Bringing world leaders together around competing visions of the global order

Two former U.S. national security advisors to speak at Penn Perry World House colloquium, and former U.K. deputy prime minister to participate in Penn Biden Leaders Dialogue.

Joe Biden speaking at the inaugural Perry World House global order conference in 2017, accompanied on stage by PWH Director William Burke-White (left) and Penn President Amy Gutmann. 

Former U.S. National Security Advisors H.R. McMaster and Susan Rice will be the headline speakers at a two-day Perry World House colloquium in September. As part of the conference, former Deputy Prime Minister of the United Kingdom, Nick Clegg, will participate in the Penn Biden Leaders Dialogue. 

The public portion of the conference, “Competing Visions of the Global Order,” will be held on Tuesday, Sept. 25, at Perry World House on Locust Walk. Registration is free and open to the public, with required tickets available starting at 10 a.m. on Wednesday, Sept. 5. The event will be livestreamed. 

The event will be the first time that McMaster, who served under Donald Trump, and Rice, who served under Barack Obama, have spoken in a back-to-back setting, says William Burke-White, director of Perry World House. 

“The choice is reflective to our commitment to examining the role of the United States in the world and international environment from all sides,” Burke-White says. “These discussions will be moderated by top-notch journalists, who I think will bring a refreshing take and help us really dig deep into national security policy.” 

Tuesday afternoon’s panels will begin with a keynote conversation by Rice, who served as U.S. national security advisor from 2013 to 2017 and as U.S. ambassador to the United Nations from 2009 to 2013. The moderator will be Ed Luce, Washington columnist and commentator for the Financial Times

In the following panel, Penn President Amy Gutmann will introduce McMaster, who served as U.S. national security advisor from February 2017 to March 2018, and is a retired Army lieutenant general. The moderator will be Lara Logan, a correspondent on the CBS news magazine “60 Minutes.” 

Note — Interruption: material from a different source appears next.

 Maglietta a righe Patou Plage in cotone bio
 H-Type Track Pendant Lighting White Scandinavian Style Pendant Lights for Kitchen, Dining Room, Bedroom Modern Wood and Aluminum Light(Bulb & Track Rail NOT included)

To close out the day, Joe Biden, 47th Vice President of the United States,  and Clegg, who served as the U.K.’s deputy prime minister from 2010 to 2015, will hold a public conversation on pressing global issues, from Russian interference in Western democracies to the future of the U.S.-U.K. relationship. Biden is the Benjamin Franklin Presidential Practice Professor at Penn, and he leads the Penn Biden Center for Diplomacy & Global Engagement, in Washington, D.C. 

“The Penn Biden Leaders Dialogue is a unique opportunity for students to hear lessons and insights directly from those who know what it means to shape policy at the highest level,” says Tony Blinken, managing director of the Penn Biden Center. “Vice President Biden is pleased to bring former Deputy Prime Minister Clegg to Penn for a discussion that reaffirms the importance of our special relationship in the face of historic global challenges.”

This is the second year the Penn Biden Leaders Dialogue will occur as part of the colloquium, and the second anniversary of the opening of Perry World House. Last year Biden spoke with Felipe Calderón, former president of Mexico.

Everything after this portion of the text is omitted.